Supplied information:

○ ○ ○

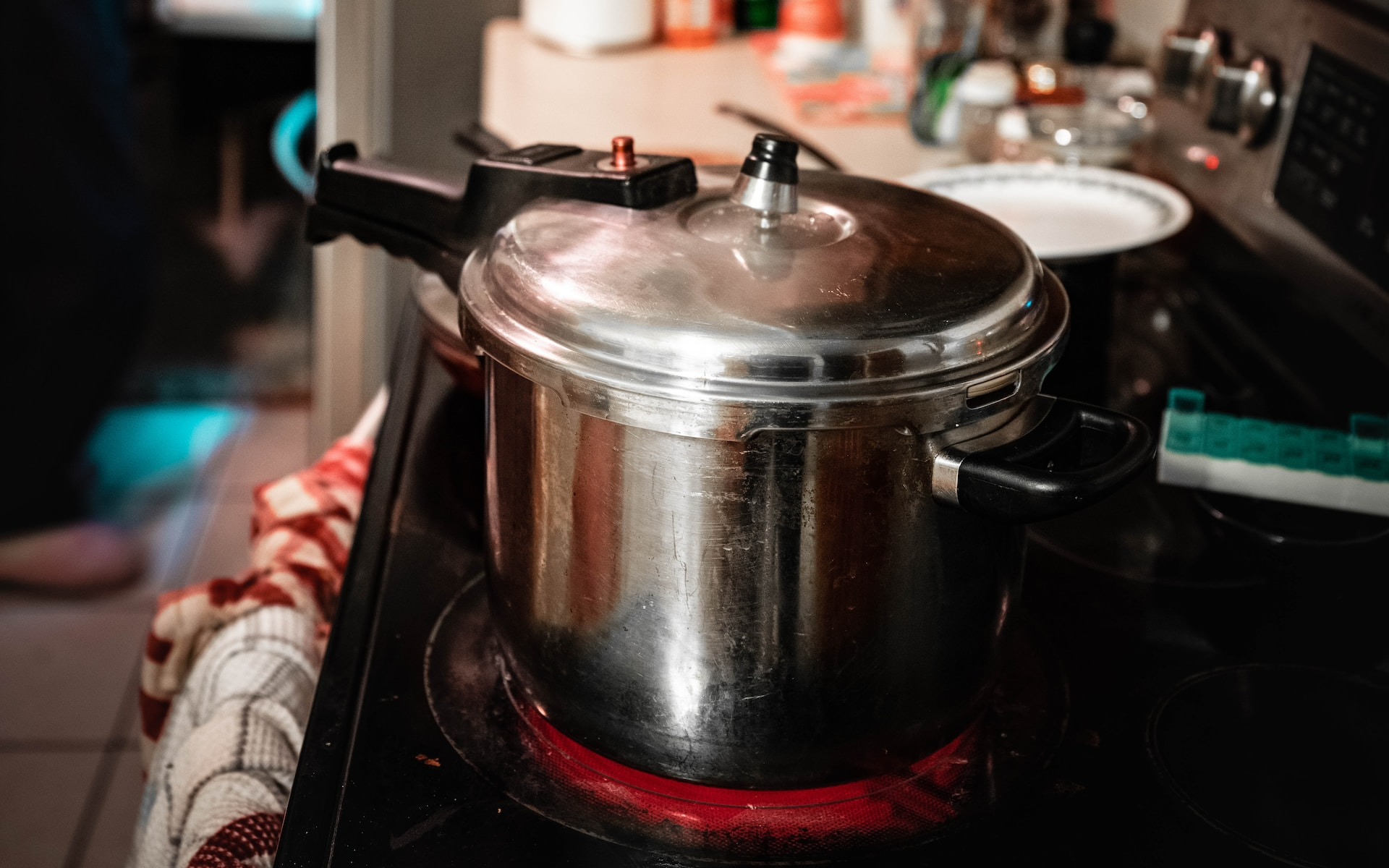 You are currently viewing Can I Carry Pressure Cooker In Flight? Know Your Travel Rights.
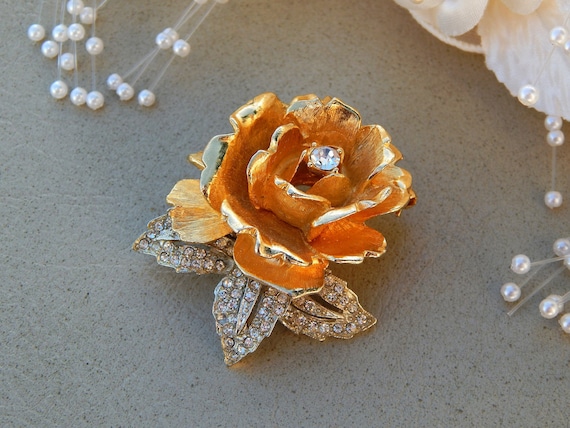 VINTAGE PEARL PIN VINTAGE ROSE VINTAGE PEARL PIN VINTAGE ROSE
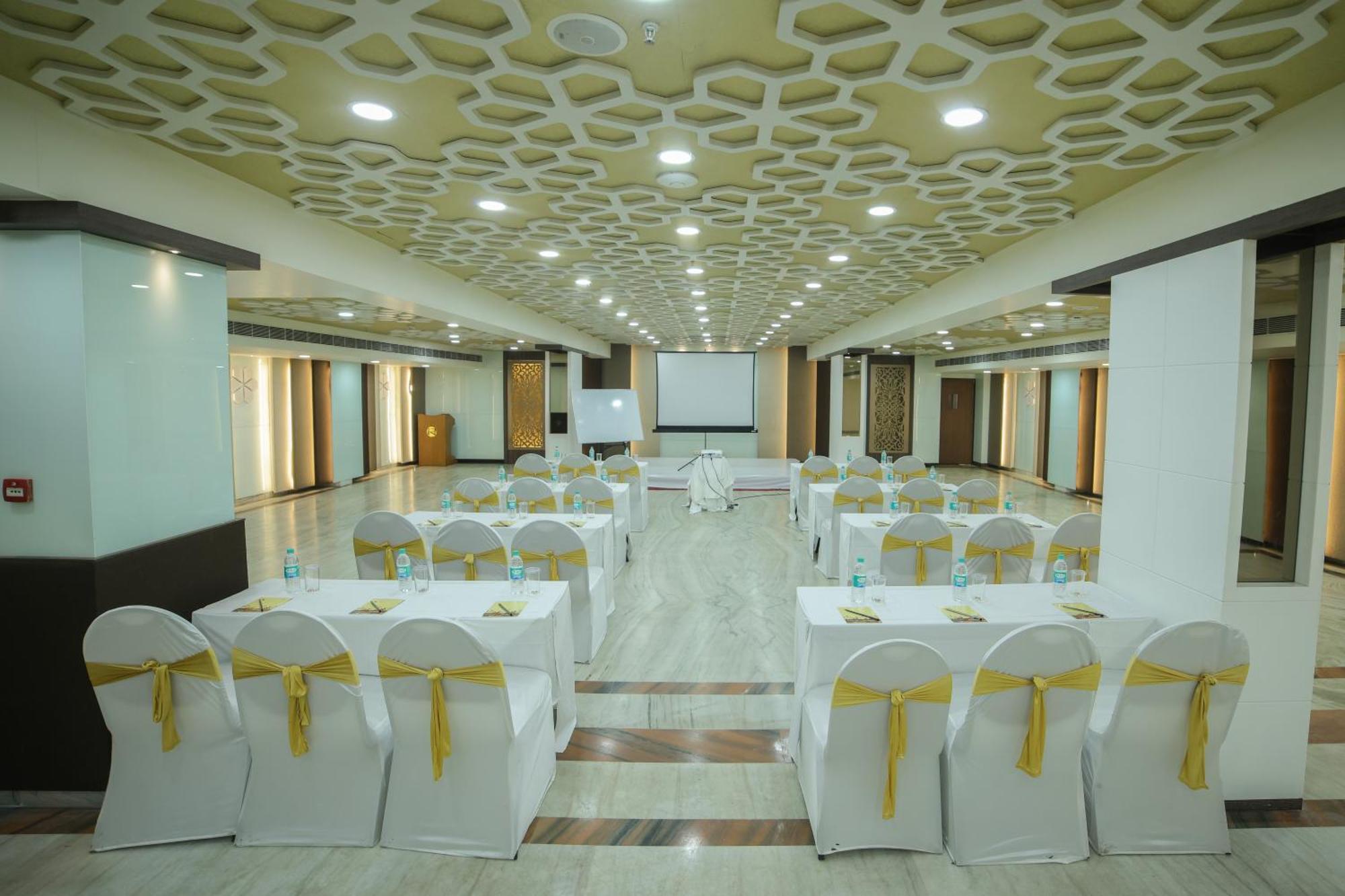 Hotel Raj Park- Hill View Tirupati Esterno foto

○ ○ ○

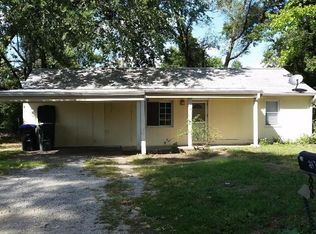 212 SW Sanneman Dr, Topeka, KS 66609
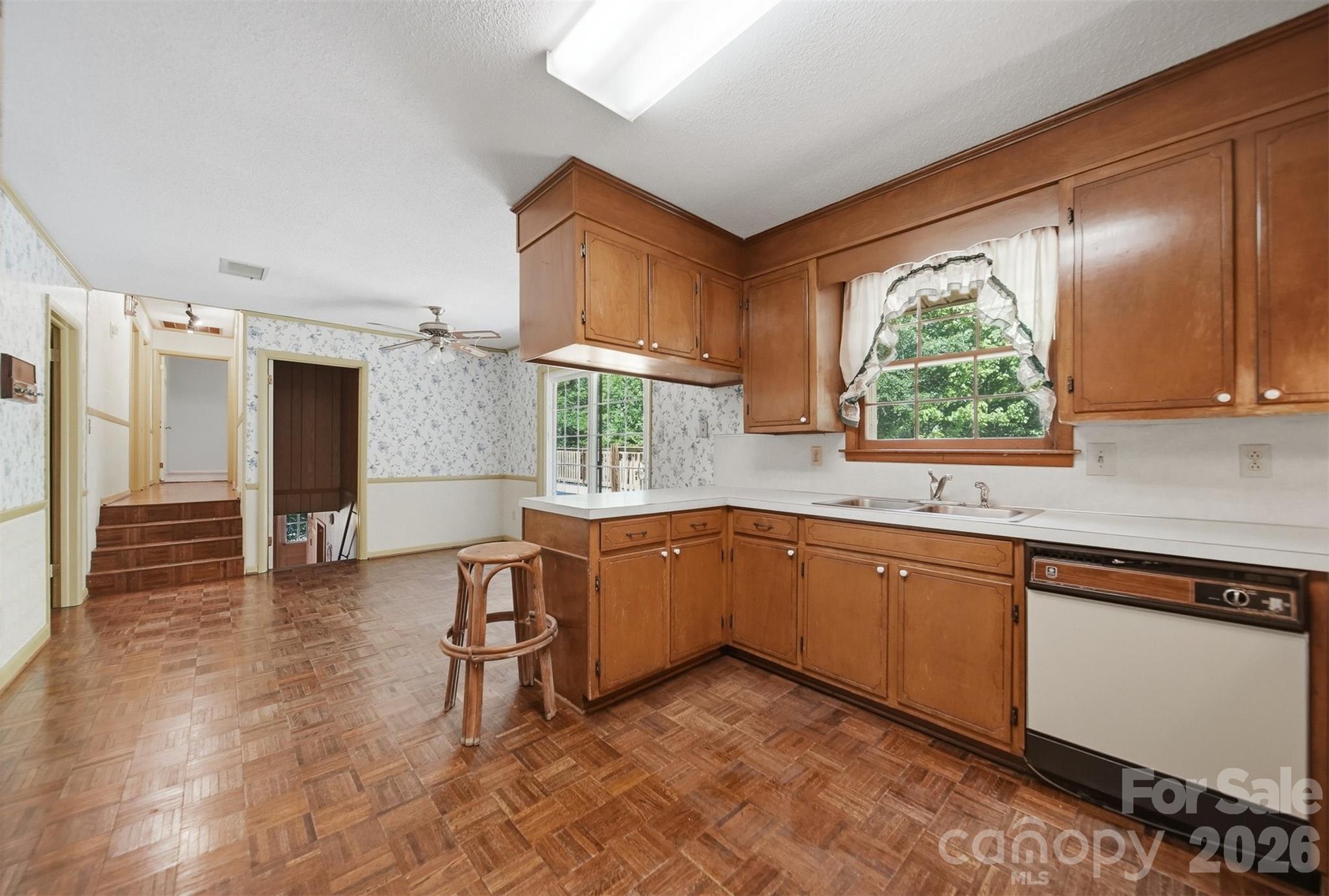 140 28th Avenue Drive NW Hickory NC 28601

○ ○ ○

Task brief:
Reproduce exactly the lines of the data above that run from the line with "You are currently" down to the line with "Hotel Raj Park- Hill", both ends included. Pictures do not belong in the copy.

Output of the exercise:
 You are currently viewing Can I Carry Pressure Cooker In Flight? Know Your Travel Rights.
 VINTAGE PEARL PIN VINTAGE ROSE VINTAGE PEARL PIN VINTAGE ROSE
 Hotel Raj Park- Hill View Tirupati Esterno foto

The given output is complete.